CR is the only known system that can indefinitely grow healthy as well as cancer cells “as if they were just extracted from a patient, and expand them — a million new cells can be grown in a week — as long as needed,” says the co–lead author Xuefeng Liu, MD, associate professor of pathology and a director in the Center for Cell Reprogramming at Georgetown University Medical Center.

No genetic modification is needed to coax the cells to grow — all that is used are special “feeder” cells and a chemical inhibitor.

As one example, the researchers demonstrate they are able to use CR to produce new and healthy pancreatic beta islet cells that secrete insulin — suggesting a promising avenue for type I diabetes research.

“A true cure for this kind of diabetes could be achieved by replacing the lost beta cells with new functional insulin producing cells,” says Liu.

The researchers have also grown healthy and cancerous cells from airway tissues, retinas, prostates, breasts, and intestines, which replicate for extended periods with conditional reprogramming.

Since CR was developed and described by Liu, Richard Schlegel, MD, PhD, director of the Center for Cell Reprogramming, and their colleagues at Georgetown in 2011, scientists have been testing the ability of the cells to perform a number of advanced goals. The CR method has spread worldwide, for example, the National Cancer Institute cited the CR method in Precision Medicine Initiatives for oncology and drug discovery programs. Georgetown researchers have trained more than 100 scientists in the technique.

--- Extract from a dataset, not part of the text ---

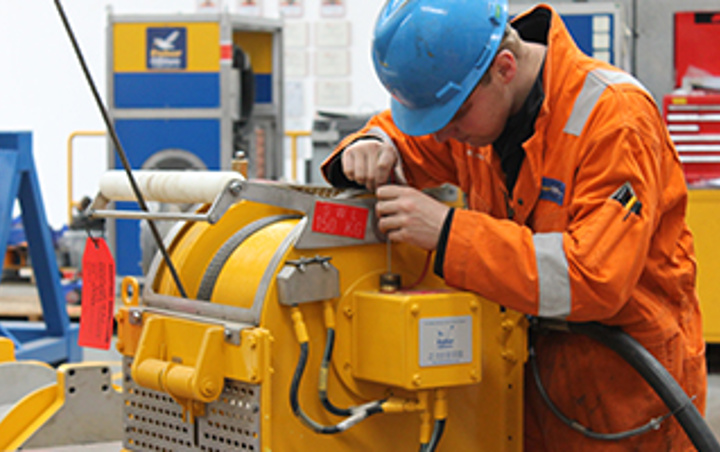 In-house equipment and engineering support icon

In the newly published protocol, the Georgetown researchers describe many other possibilities that CR offers: among them, living biobanks, personalized and regenerative medicine, and novel cancer research.

Additionally, biobanking normal cells from a patient allows the possibility of using those cells in the future to infuse healthy cells into a damaged organ. “We can grow cells, freeze them, thaw them,” Liu says. “Think about use of such cells for skin replacement, for organ patching, and cancer studies.”

CR cancer cells also could allow oncologists to test and select a therapy based on an expanded laboratory population of a patient’s individual cancer cells — a procedure already conducted at Georgetown and published in the New England Journal of Medicine. An independent research study at Massachusetts General Hospital Cancer Center, published in Science, demonstrated that the CR method identified a combination of therapies for resistant lung cancer patients.

Several institutes have used CR platform for discovery of anti–cancer drug or new targets.

It may also be possible to fix damaged cells, using gene editing techniques, and then grow new, repaired cells to fix a wide variety of diseases, Liu says. “It is not unimaginable that we could take a tiny nose biopsy from a person with cystic fibrosis, correct the defect that causes the disease, then regrow the healthy cells to infuse back into the lung. Because the cells were derived from the patient, they would not be rejected.”